Each iteration closes one edge and may open zero, one, or two new ones. Convergent results close without opening. Divergent results open one. Oscillatory results open two (a split). The graph converges when closures outpace openings. Kelly’s theorem says this happens for finite-structure systems under Ockham-efficient strategies.


Ockham’s razor is a convergence theorem

Composition guarantees that evidence accumulates validly. It does not guarantee that inquiry converges: that you eventually reach the truth and stay there.

Kelly (1996), The Logic of Reliable Inquiry, recast scientific method as a question in topology: given a class of possible worlds and a stream of evidence, which inquiry methods converge to the truth?

The setup is austere. An inquiry method is a function from evidence sequences to hypotheses. At each step, the method sees one more datum and outputs its current best guess. The method converges if, after finitely many observations, it settles on the correct hypothesis and never changes its mind again. Kelly asks: among all methods that converge on a given problem, which one converges fastest?

The Ockham efficiency theorem

Kelly’s central result: Ockham’s razor is necessary and sufficient for cycle-optimal convergence.

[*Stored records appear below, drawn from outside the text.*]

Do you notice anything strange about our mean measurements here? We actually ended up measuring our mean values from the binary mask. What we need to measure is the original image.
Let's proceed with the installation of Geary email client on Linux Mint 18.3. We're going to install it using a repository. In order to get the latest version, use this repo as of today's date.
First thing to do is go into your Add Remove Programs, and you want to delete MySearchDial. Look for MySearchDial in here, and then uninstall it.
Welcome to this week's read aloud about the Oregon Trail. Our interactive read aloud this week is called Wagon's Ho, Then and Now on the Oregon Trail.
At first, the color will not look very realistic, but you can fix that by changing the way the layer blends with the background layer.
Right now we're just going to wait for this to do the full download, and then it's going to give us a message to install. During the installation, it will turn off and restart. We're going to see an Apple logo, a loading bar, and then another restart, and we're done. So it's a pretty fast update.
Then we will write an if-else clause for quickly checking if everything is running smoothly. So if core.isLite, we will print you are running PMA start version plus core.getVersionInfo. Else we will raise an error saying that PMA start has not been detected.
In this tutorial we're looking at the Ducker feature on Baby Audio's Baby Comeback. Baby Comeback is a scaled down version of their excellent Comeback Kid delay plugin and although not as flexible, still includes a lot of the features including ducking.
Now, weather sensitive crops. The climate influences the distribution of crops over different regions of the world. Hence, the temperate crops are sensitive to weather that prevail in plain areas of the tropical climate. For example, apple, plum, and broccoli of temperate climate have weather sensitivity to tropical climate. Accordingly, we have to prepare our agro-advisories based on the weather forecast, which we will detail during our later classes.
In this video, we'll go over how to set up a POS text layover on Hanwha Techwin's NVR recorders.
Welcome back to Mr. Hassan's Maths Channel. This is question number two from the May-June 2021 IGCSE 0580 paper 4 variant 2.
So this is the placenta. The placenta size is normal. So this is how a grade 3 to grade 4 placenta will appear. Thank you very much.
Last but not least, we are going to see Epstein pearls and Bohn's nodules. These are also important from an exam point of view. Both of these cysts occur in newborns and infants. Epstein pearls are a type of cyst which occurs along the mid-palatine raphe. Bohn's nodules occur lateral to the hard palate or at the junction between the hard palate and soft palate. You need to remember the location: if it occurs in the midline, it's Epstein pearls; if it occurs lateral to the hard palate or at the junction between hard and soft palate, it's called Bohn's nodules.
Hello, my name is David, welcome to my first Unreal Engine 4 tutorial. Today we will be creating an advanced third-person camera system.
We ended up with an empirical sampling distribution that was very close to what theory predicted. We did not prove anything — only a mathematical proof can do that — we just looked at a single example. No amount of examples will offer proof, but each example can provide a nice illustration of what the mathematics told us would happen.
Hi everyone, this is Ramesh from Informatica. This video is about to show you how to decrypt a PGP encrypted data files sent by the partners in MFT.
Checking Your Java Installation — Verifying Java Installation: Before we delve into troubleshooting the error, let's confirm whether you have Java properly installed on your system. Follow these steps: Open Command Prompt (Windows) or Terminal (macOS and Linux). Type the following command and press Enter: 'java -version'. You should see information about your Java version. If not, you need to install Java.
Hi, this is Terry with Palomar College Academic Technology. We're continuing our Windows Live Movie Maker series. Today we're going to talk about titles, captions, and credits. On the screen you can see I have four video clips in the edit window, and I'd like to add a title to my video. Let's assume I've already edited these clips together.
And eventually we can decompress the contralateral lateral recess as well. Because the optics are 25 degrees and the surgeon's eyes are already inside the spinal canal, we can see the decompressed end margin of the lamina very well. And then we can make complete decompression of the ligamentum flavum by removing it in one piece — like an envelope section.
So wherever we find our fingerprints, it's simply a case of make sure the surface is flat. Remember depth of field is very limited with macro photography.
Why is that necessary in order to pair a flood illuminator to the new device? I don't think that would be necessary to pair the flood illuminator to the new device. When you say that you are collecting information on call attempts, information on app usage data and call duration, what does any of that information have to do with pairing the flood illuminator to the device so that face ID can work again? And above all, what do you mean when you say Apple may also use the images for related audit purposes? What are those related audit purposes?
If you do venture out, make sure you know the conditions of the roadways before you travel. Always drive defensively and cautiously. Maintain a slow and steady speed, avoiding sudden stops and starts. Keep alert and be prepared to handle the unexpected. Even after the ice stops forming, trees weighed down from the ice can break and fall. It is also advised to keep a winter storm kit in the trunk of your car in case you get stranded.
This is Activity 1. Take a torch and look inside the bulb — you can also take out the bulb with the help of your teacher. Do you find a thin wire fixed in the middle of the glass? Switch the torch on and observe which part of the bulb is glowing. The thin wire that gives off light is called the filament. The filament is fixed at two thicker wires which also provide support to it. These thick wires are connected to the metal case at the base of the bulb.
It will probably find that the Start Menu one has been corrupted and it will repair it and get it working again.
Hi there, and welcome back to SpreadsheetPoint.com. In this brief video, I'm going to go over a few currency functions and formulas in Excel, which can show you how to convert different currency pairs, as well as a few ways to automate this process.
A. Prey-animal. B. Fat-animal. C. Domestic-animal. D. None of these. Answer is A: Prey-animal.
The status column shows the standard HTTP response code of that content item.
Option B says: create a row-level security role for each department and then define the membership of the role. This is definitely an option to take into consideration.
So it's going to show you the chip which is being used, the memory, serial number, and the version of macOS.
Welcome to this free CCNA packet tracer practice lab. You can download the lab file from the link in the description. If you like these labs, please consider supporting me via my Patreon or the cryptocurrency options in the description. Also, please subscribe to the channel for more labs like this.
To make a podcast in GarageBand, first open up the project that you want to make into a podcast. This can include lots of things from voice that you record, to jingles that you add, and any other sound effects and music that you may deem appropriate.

A mind-change (or retraction) is when the method switches its output from one hypothesis to another. A cycle is a sequence of mind-changes that returns to a hypothesis previously held and retracted. Kelly proved:

  1. For any solvable problem, there exists a method that minimizes the worst-case number of mind-changes on the way to truth.
  2. That method is the Ockham method: at every step, output the simplest hypothesis compatible with all evidence seen so far.
  3. Any method that violates Ockham’s razor — that ever outputs a complex hypothesis when a simpler one is compatible with the data — incurs strictly more mind-changes in the worst case.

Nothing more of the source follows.